I begin February with a question - obvious, yet compelling - that has been hanging over me for a while now. What exactly is a novel?
This is the 143rd word of my logophiliac adventures:
A novel is a fictional prose narrative of book length, typically representing character and action with some degree of realism. The word comes from the Italian term novella storia , for "new story." (Novella being the feminine of novello and the Latin word novellus for "new".) The word was also utilized from Middle English to the eighteenth century in the sense of "a novelty, a piece of news, from the Old French word novelle. This gives way to the adjective use of novel which means interestingly new or unusual.
But what should this "newness" look like? The novel has become an incredibly versatile literary vehicle since Daniel Defoe, Charlotte Smith and Jane Austen gave it a solid form at the end of the eighteenth century. When I first set out to create my own novels, I thought of the form as a long, extended story of someone's journey... like a good Dickensian bildungsroman (a coming of age novel like David Copperfield or Nicholas Nickleby). Since then I've realized that the newness is not just a matter of introducing and following new characters and exploring a new setting, but in the way we tell our stories: non-linear, in braided narratives, from an unusual character's point of view, in the present tense, in the second person, in an otherwise impossible situation, etc. Novels are experiments for testing new angles in story telling, and even if the story itself might be similar to something that's been read before, the telling makes it new.
Personal example. I finished a novel last year and have embarked on a sequel. Granted, there is a certain amount of uncertainty that comes with such a decision - after all, I'm waiting to hear back from agents, and there is no guarantee that any one will want to represent it, or to publish it. Whether or not it was the wise decision to go ahead with the sequel, I've found some pretty good reasons to do it.
1.) Novel #1 (let's call it W1), isn't actually finished in the sense that it has not gone through the publishing process - has not encountered agents or editors. When it is, somewhere down the line, accepted by a publishing company, there will be more changes to be made. It is simply the way the process works.
2.) At this point, not knowing what those changes will be a year, two, five or ten years from now, I know there is room for improvement. Writing the sequel (W2) will open up new doors and help me address questions that I couldn't answer (or even think to ask) about my characters in the first novel - a challenge in many ways. How?
3.) I've always wanted W2 to be it's own novel, with its own set of eccentricities, patterns and nuances - not just an expansion of W1. I decided that W2 would be from a different character's point of view.

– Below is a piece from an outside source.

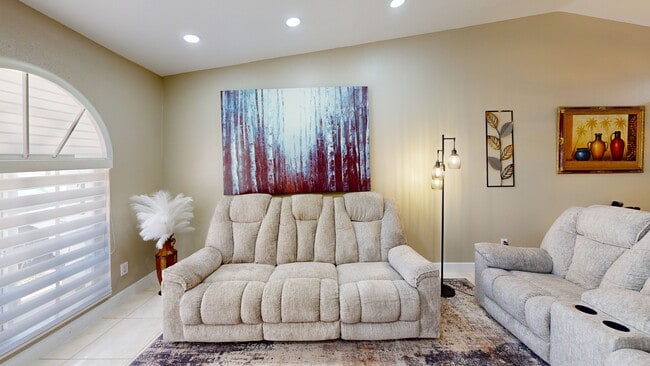 17400 NW 76th Ct, Hialeah, FL 33015 - photo 3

The narrative main character in W1 is a young woman (let's call her S) trying to decide whether or not to take vows in a quasi-monastic order. The narrative main character in W2 is her romantic interest, a man who at 126 years old doesn't age and has a caustic, jaded personality (let's call him D). D is going to be a challenge because his perspective is at a completely different angle from what I'm used to. In this way, learning about the inner workings of D in W2 will help me to see S in a new light (from his eyes) and apply that newness to the revisions for W1.
4.) I have ideas for a W3 and a possible W4 as well, although nothing is set in stone. If they do emerge, they will be their own novels, as well; W3 being made of journal entries from both D and S, and W4 from the point of view of a character who has not yet been born. Whether or not these ideas will ever come about, they're already bearing fruit in my daily experiments, and that fruit is in W1 and W2.

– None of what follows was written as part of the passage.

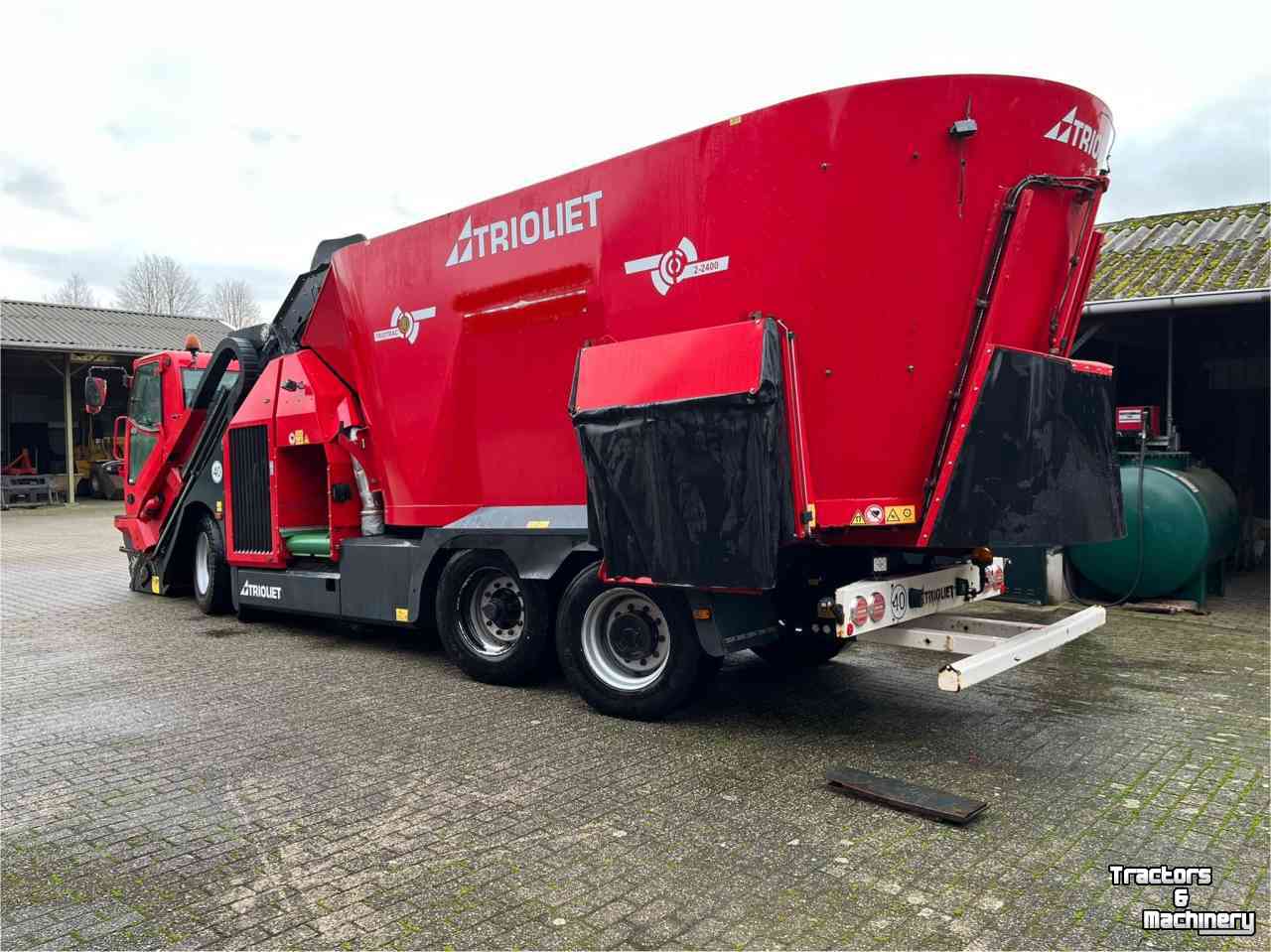 Self-propelled feed mixer Trioliet Triotrac 2-2400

5.) There is no way to lose with this model (disorganized-jumble-of-ideas is more like it). Yes, my dreams and prayers right now are bent on getting W1 published. And though there's a chance (as with every creative endeavor) that it won't catch the attention of an agent or a publisher, the story is still mine and it is worth writing.

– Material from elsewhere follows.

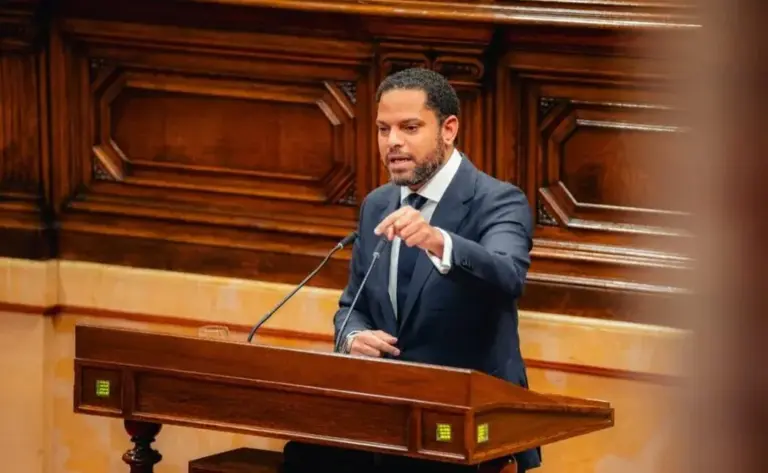 FOTOGRAFÍA. BARCELONA (CATALUÑA) ESPAÑA, 18 DE MARZO DE 2026. Garriga asegura que el gobierno de Illa está agotado y pide adelanto electoral. El secretario general de VOX y presidente del Grupo Parlamentario de este partido de los obreros de España en el Parlamento de Cataluña, Ignacio Garriga Vaz de Conceiçao, ha denunciado el colapso del sistema de protección social, con listas de espera en dependencia y residencias, así como el colapso educativo, criticando la pérdida de nivel académico y las condiciones del profesorado. Lasvocesdelpueblo (Ñ Pueblo)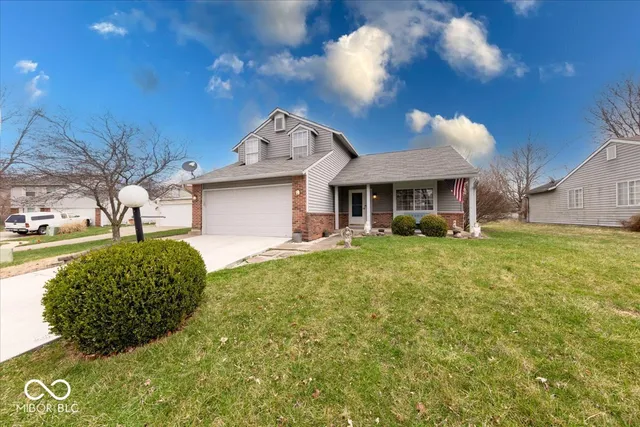 $325,999 | 628 Southridge Court, Westfield, IN 46074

Worst case scenario: W1 and W2 aren't published, and I embark on a completely different project (oh yes, I have one), which is eventually published. Once established in the business, I can go back to W1 and W2, improve them and try again. It might take ten or fifteen years, but even this brood of brain children are worth that wait. It may feel like a defeat at first, but with the right amount of audacity and devotion, this can be turned into an opportunity. Look at Stephen King and the years it took to flesh out The Dark Tower and to re-release The Stand in its truest edition. (Many.) Time is not an adequate excuse to stop the experiment. If we can't be "novel" or versatile with the strange ebbs and flows of the publishing industry in addition to our own creative challenges, we might not make it. That is my theory, anyway, but a hopeful one.
Today, Sarah Callender wrote for Writer Unboxed in a similar vein "The Writer as an Inventor," which I found to be helpful and encouraging. She emphasizes adopting the habits and mind-sets of inventors to better craft our stories through passionate curiosity, obsessive focus, loyalty to our project, to embrace a healthy balance of fear and foolishness, among other things.
As inventor-creators, we strive to answer pressing questions about ourselves... even if we don't know how to ask those questions, they're still worth striving for, reinventing and examining in new angles, through different lenses (telescope, microscope - whatever is required) until we know. It's by no means an exact science, but writing is novel... and it's our job to make sure it always will be. I think we're up for that challenge.